Provided material -
■ ■ ■ ■ ■ ■ ■
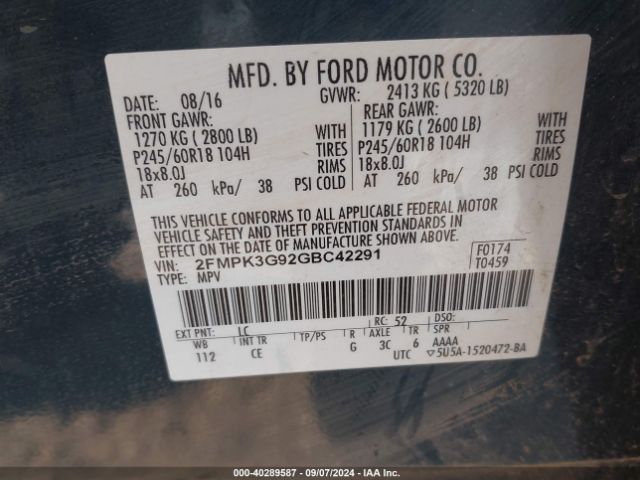 Photo 8 VIN: 2FMPK3G92GBC42291 - FORD EDGE 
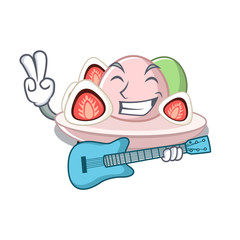 Wall Mural - With guitar ichigo daifuku isolated in the cartoon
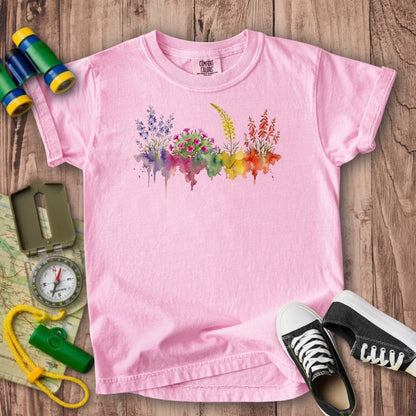 Watercolor Arches Wildflowers Kids Cotton T-Shirt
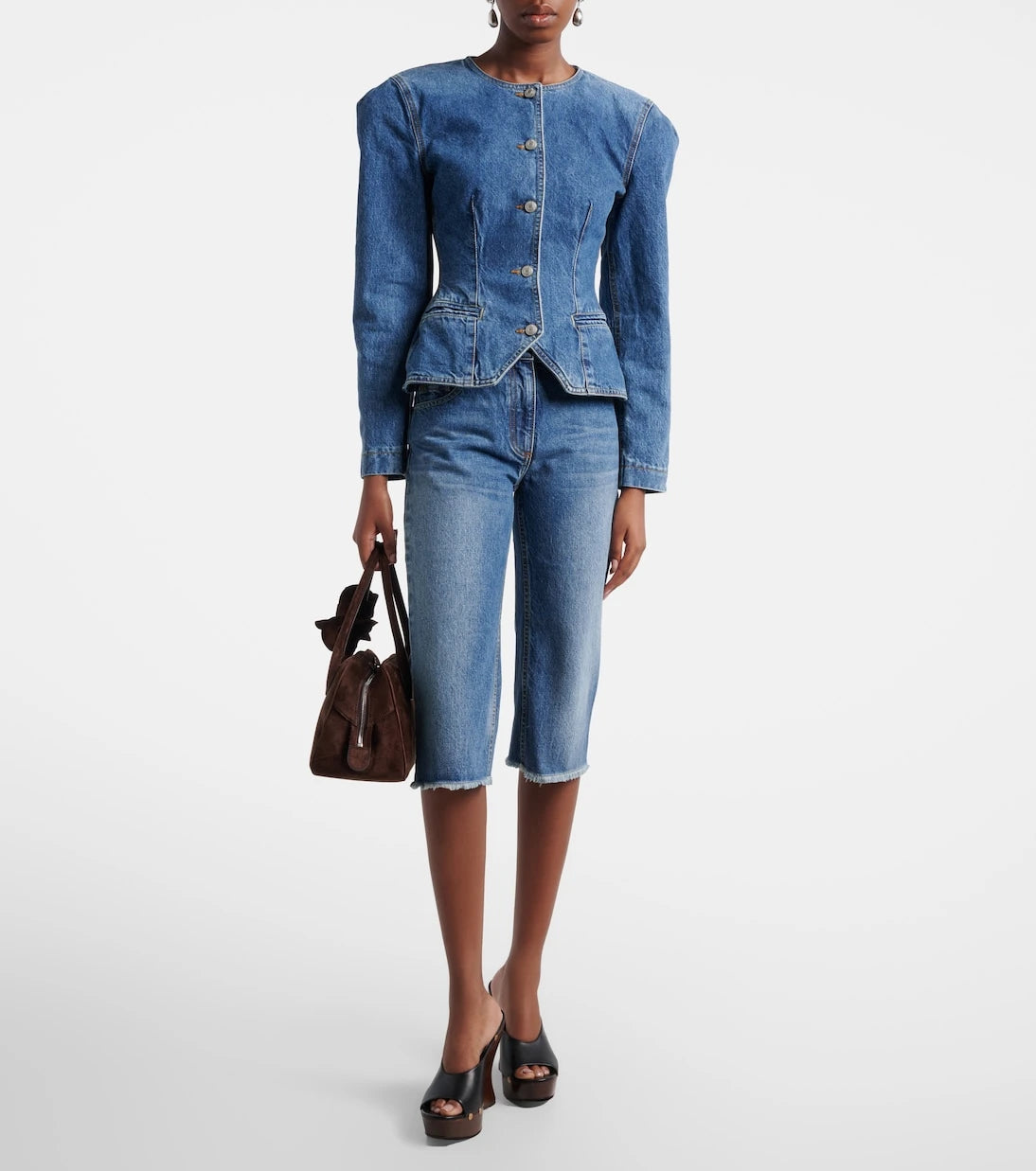 Magda Butrym - Faded capri jeans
■ ■ ■ ■ ■ ■ ■
Directions -
When you repeat the data, keep every line exact and drop the images.

Task solution -
 Photo 8 VIN: 2FMPK3G92GBC42291 - FORD EDGE 
 Wall Mural - With guitar ichigo daifuku isolated in the cartoon
 Watercolor Arches Wildflowers Kids Cotton T-Shirt
 Magda Butrym - Faded capri jeans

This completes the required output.